== LISTED ENTRIES ==

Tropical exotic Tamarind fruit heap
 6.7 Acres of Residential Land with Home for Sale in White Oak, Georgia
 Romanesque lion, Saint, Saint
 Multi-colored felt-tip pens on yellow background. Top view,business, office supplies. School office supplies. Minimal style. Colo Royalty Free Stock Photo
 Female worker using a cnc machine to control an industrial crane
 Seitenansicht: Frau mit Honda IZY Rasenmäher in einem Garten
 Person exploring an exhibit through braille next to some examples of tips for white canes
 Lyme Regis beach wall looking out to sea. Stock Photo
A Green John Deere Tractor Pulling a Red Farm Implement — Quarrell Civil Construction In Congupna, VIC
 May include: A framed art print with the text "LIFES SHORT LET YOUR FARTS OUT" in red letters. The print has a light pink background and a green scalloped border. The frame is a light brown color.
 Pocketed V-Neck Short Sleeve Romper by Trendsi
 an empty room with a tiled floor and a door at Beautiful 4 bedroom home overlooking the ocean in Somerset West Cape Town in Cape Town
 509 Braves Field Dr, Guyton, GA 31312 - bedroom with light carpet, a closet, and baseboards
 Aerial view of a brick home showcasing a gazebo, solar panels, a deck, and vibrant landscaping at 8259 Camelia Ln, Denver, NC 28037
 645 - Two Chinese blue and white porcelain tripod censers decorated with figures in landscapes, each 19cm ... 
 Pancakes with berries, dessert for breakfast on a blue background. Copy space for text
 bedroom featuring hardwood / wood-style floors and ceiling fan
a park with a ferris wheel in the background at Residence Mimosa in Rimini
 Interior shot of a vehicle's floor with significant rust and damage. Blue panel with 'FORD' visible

===

■ ABOUT THIS EXERCISE
Reproduce all of the records precisely. No word may differ.

■ RESPONSE
Tropical exotic Tamarind fruit heap
 6.7 Acres of Residential Land with Home for Sale in White Oak, Georgia
 Romanesque lion, Saint, Saint
 Multi-colored felt-tip pens on yellow background. Top view,business, office supplies. School office supplies. Minimal style. Colo Royalty Free Stock Photo
 Female worker using a cnc machine to control an industrial crane
 Seitenansicht: Frau mit Honda IZY Rasenmäher in einem Garten
 Person exploring an exhibit through braille next to some examples of tips for white canes
 Lyme Regis beach wall looking out to sea. Stock Photo
A Green John Deere Tractor Pulling a Red Farm Implement — Quarrell Civil Construction In Congupna, VIC
 May include: A framed art print with the text "LIFES SHORT LET YOUR FARTS OUT" in red letters. The print has a light pink background and a green scalloped border. The frame is a light brown color.
 Pocketed V-Neck Short Sleeve Romper by Trendsi
 an empty room with a tiled floor and a door at Beautiful 4 bedroom home overlooking the ocean in Somerset West Cape Town in Cape Town
 509 Braves Field Dr, Guyton, GA 31312 - bedroom with light carpet, a closet, and baseboards
 Aerial view of a brick home showcasing a gazebo, solar panels, a deck, and vibrant landscaping at 8259 Camelia Ln, Denver, NC 28037
 645 - Two Chinese blue and white porcelain tripod censers decorated with figures in landscapes, each 19cm ... 
 Pancakes with berries, dessert for breakfast on a blue background. Copy space for text
 bedroom featuring hardwood / wood-style floors and ceiling fan
a park with a ferris wheel in the background at Residence Mimosa in Rimini
 Interior shot of a vehicle's floor with significant rust and damage. Blue panel with 'FORD' visible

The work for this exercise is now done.